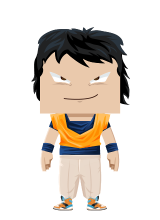 joshuapaez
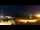 Webcam in Narbonne-Plage, 19.3 km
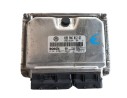 CENTRALITA MOTOR UCE 038906012CT 038906012CT 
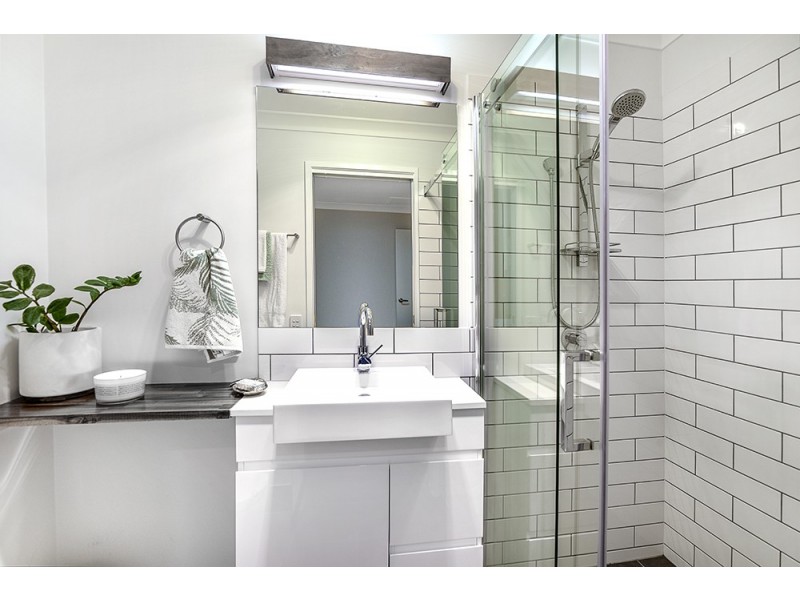 88 Wilkinson Crescent, Currumbin Waters QLD 4223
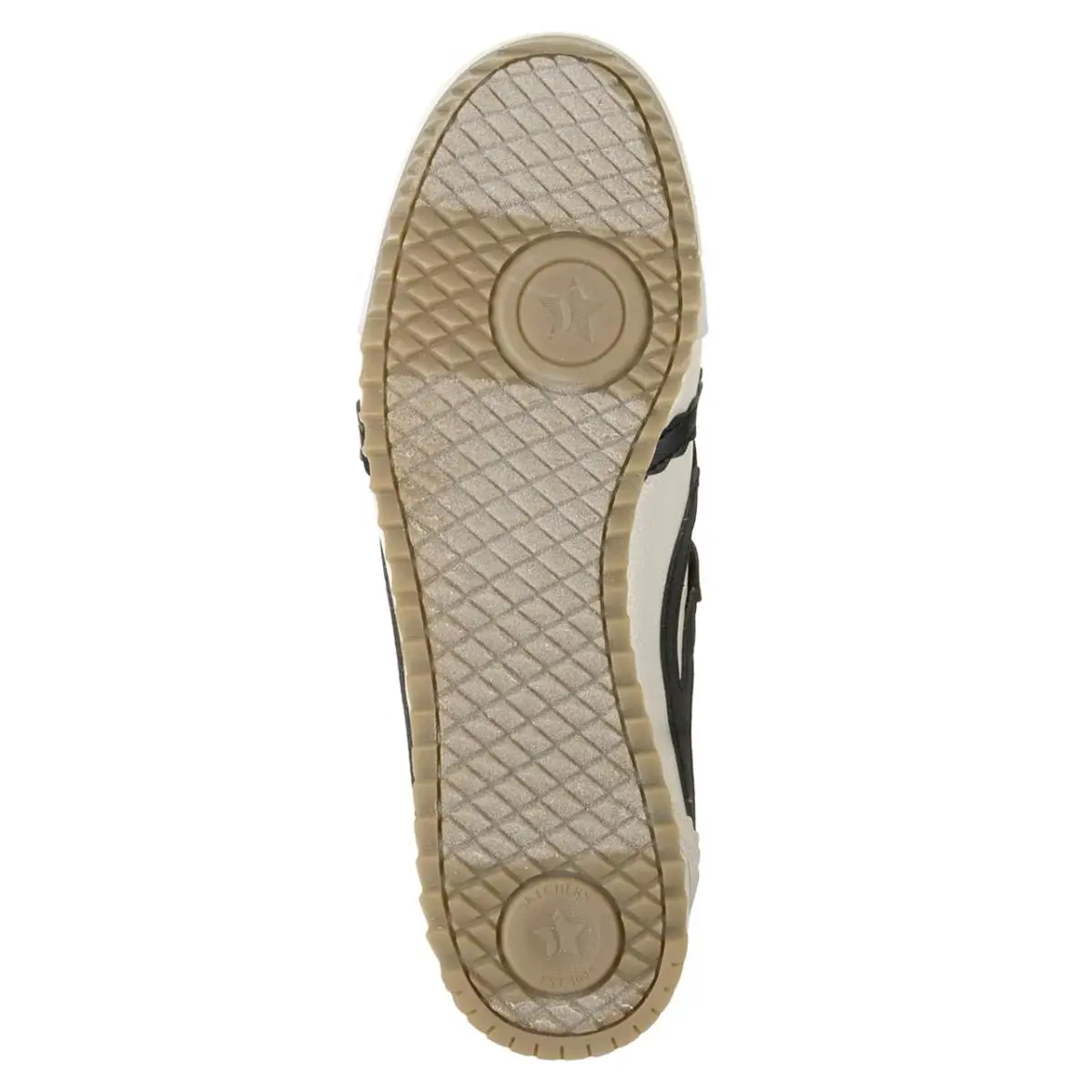 Skechers shoes - Beige 2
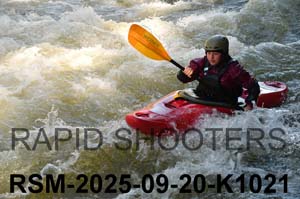 RSM-2025-09-20-K1021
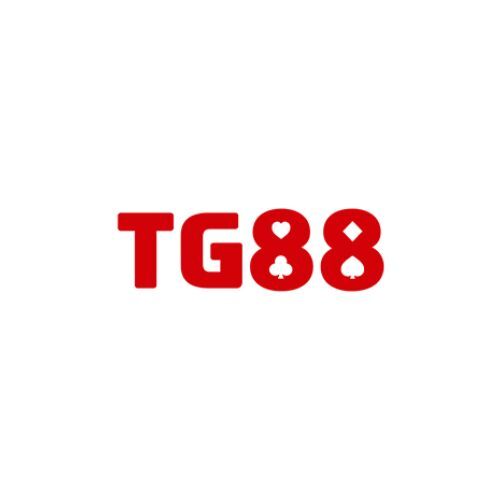 C771960f 7cb9 4f79 809a bc60f9060621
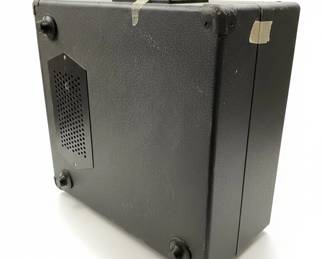 Califone K Record Player second image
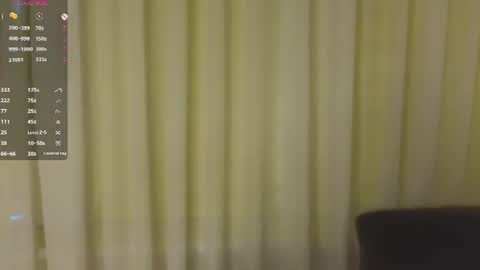 Iwy online show from July 28, 12:48 pm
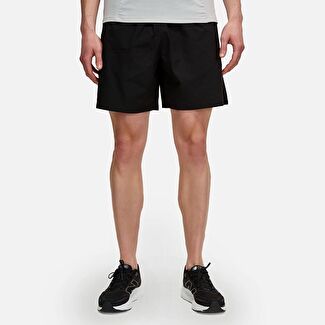 Мужские шорты New Balance Lifestyle Men Short на каждый день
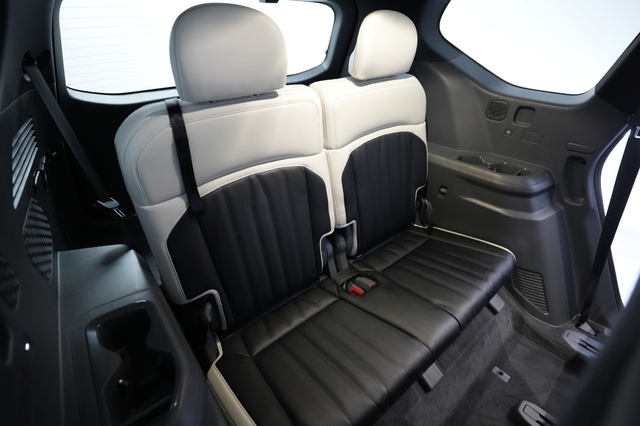 2024 Kia EV9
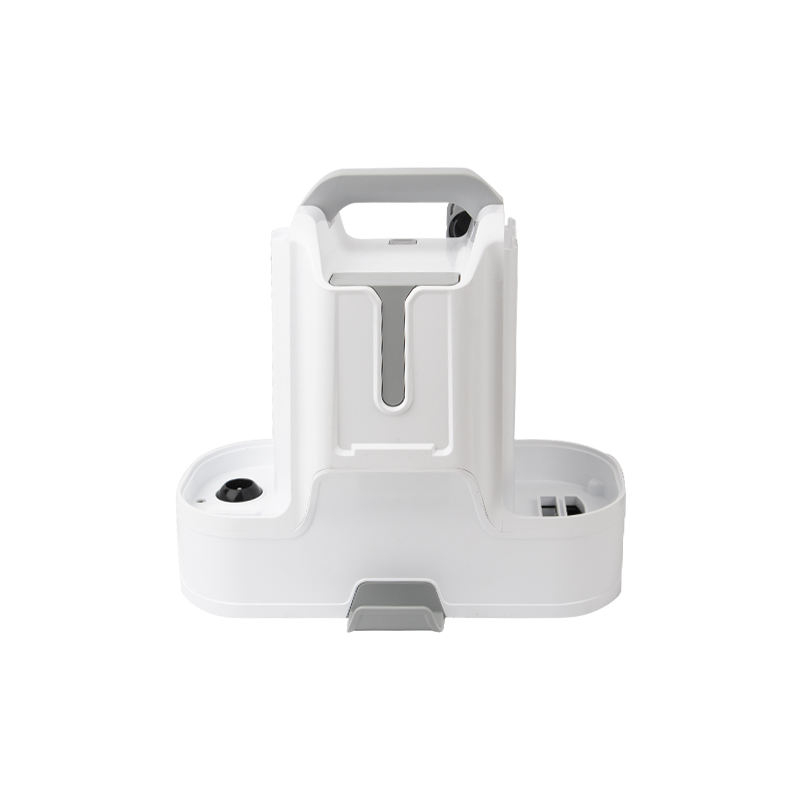 MÁY VỆ SINH LÀM SẠCH THẢM SOFA GIƯỜNG NỆM  PHUN HÚT 2 NGĂN CHỨA NƯỚC K15 SUPERCLEANER DUALWAY☘️AsiaMart88 ☘️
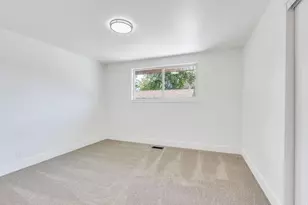 4535 S Driftwood W, Taylorsville, UT 84123 - Photo 14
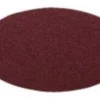 Abrasif STF D180/0 FESTOOL - Ø180 Mm - Pour Travail Du Bois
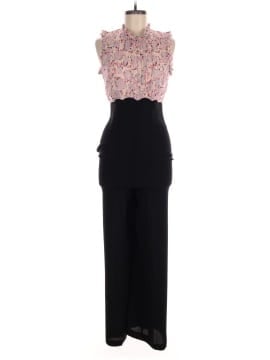 Moulinette Soeurs by Anthropologie Jumpsuit (view 1)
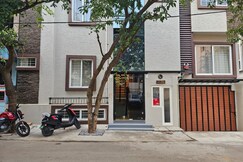 Modern 2 Rooms in Electronic City E CITY 02, Bangalore Modern 2 Rooms in Electronic City E CITY 02, Bangalore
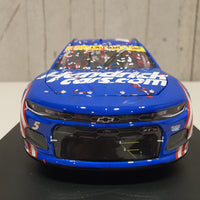 Kyle Larson 2021 HendrickCars.com Charlotte ROVAL Playoff Race Win 1:24 ARC Nascar Diecast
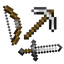 Basic Respawn Kit logo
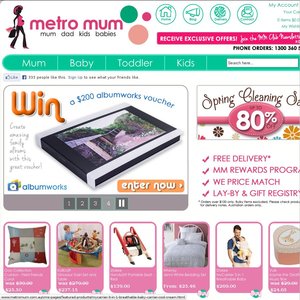 metromum.com.au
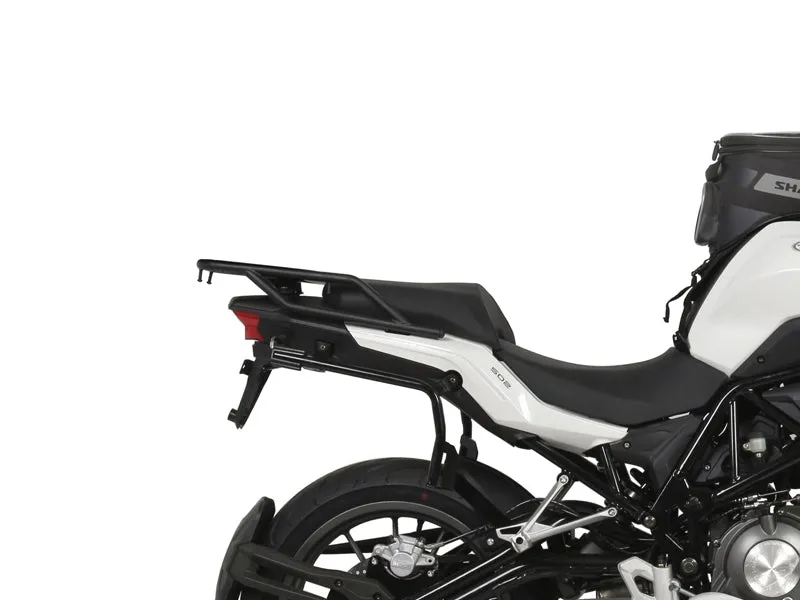 Benelli TRK 502 (16-24) SHAD 3P Pannier Fitting Kit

(Activity):
Nothing but the lines from the line containing "C771960f 7cb9 4f79 809a bc60f9060621" through the last line of the listing above should appear, output exactly, with no pictures.

(Answer section):
 C771960f 7cb9 4f79 809a bc60f9060621
 Califone K Record Player second image
 Iwy online show from July 28, 12:48 pm
 Мужские шорты New Balance Lifestyle Men Short на каждый день
 2024 Kia EV9
 MÁY VỆ SINH LÀM SẠCH THẢM SOFA GIƯỜNG NỆM  PHUN HÚT 2 NGĂN CHỨA NƯỚC K15 SUPERCLEANER DUALWAY☘️AsiaMart88 ☘️
 4535 S Driftwood W, Taylorsville, UT 84123 - Photo 14
 Abrasif STF D180/0 FESTOOL - Ø180 Mm - Pour Travail Du Bois
 Moulinette Soeurs by Anthropologie Jumpsuit (view 1)
 Modern 2 Rooms in Electronic City E CITY 02, Bangalore Modern 2 Rooms in Electronic City E CITY 02, Bangalore
 Kyle Larson 2021 HendrickCars.com Charlotte ROVAL Playoff Race Win 1:24 ARC Nascar Diecast
 Basic Respawn Kit logo
 metromum.com.au
 Benelli TRK 502 (16-24) SHAD 3P Pannier Fitting Kit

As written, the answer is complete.